==== DATA EXCERPTS

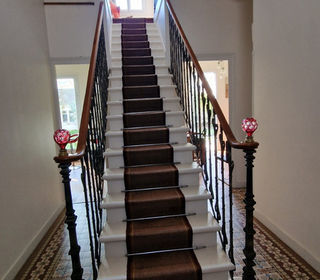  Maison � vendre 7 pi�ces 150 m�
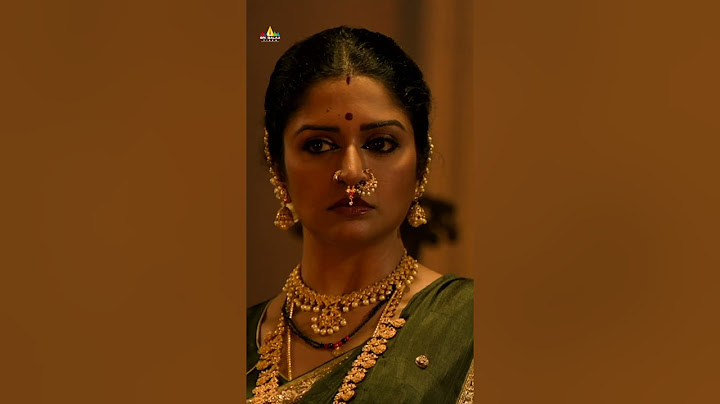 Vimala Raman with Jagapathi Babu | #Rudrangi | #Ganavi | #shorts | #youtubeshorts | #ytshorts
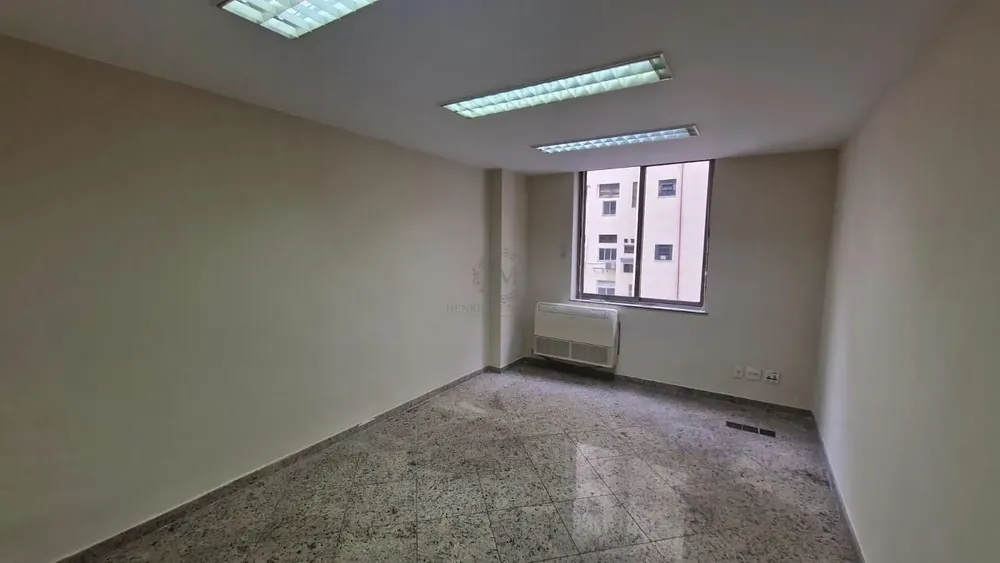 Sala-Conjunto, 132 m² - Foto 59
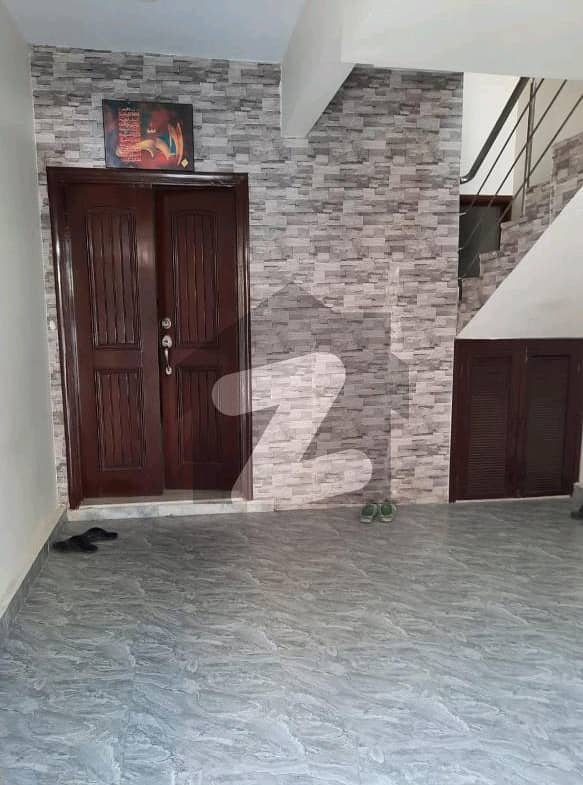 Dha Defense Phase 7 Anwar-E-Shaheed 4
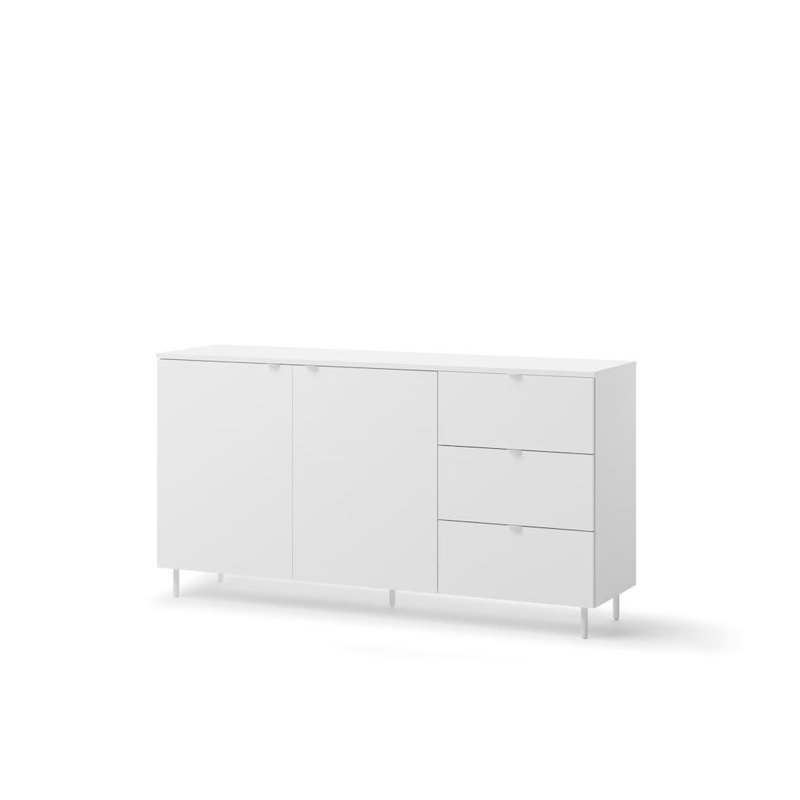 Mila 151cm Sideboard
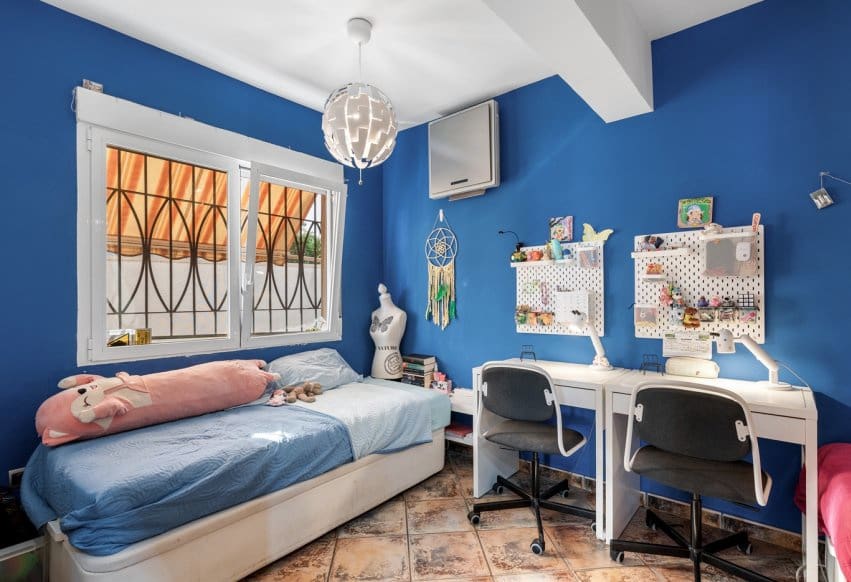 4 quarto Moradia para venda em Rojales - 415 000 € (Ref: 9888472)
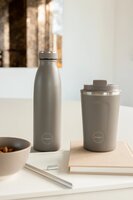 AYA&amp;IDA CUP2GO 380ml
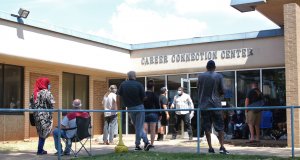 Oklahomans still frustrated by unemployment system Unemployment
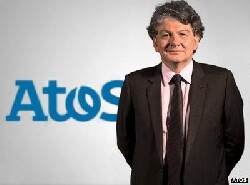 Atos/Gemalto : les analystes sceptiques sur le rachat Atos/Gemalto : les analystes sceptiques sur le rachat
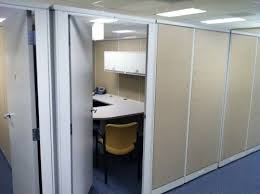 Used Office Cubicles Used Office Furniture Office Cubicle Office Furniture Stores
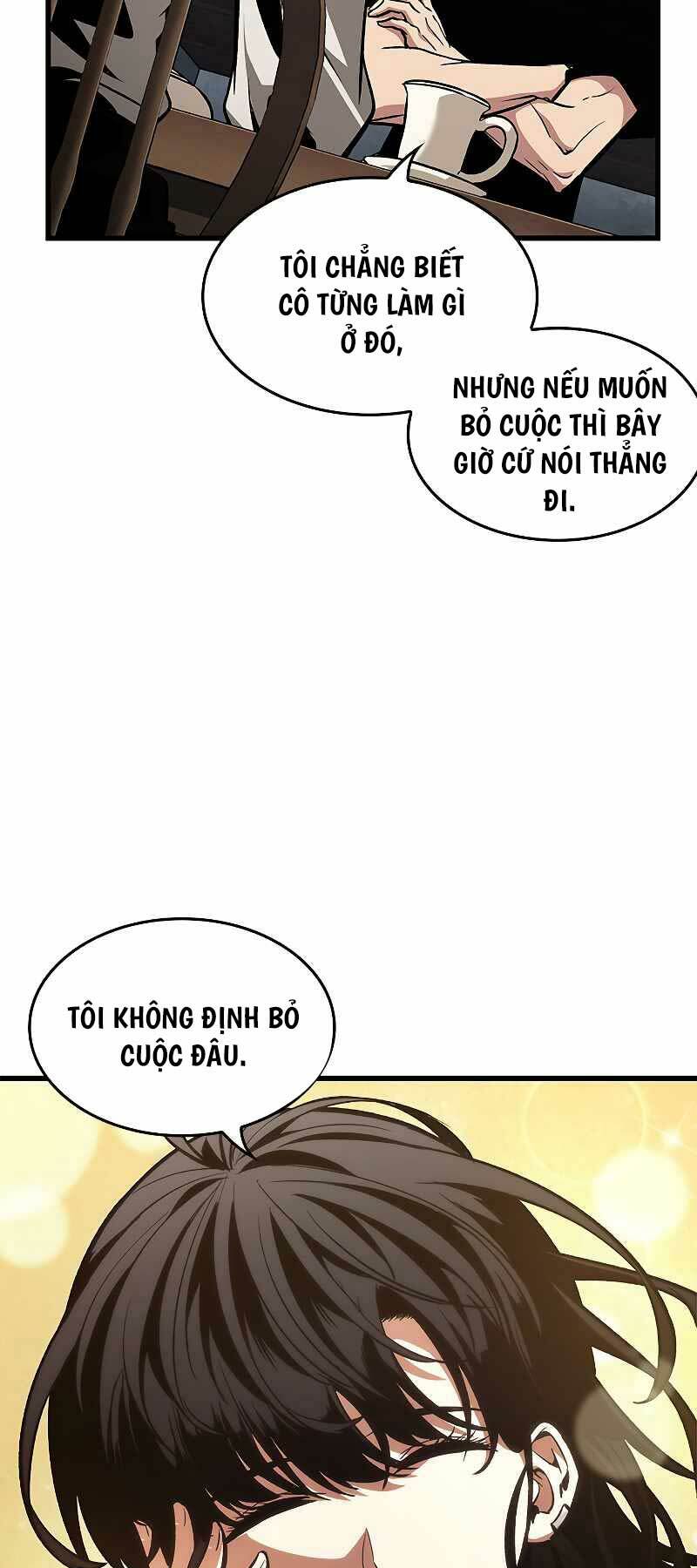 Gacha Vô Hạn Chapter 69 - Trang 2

========

**WORK INSTRUCTIONS**
Without the pictures, retype exactly the lines from the one that holds "AYA&amp;IDA CUP2GO 380ml" to the last line of the data above, both of them included.

**RESULT**
 AYA&amp;IDA CUP2GO 380ml
 Oklahomans still frustrated by unemployment system Unemployment
 Atos/Gemalto : les analystes sceptiques sur le rachat Atos/Gemalto : les analystes sceptiques sur le rachat
 Used Office Cubicles Used Office Furniture Office Cubicle Office Furniture Stores
 Gacha Vô Hạn Chapter 69 - Trang 2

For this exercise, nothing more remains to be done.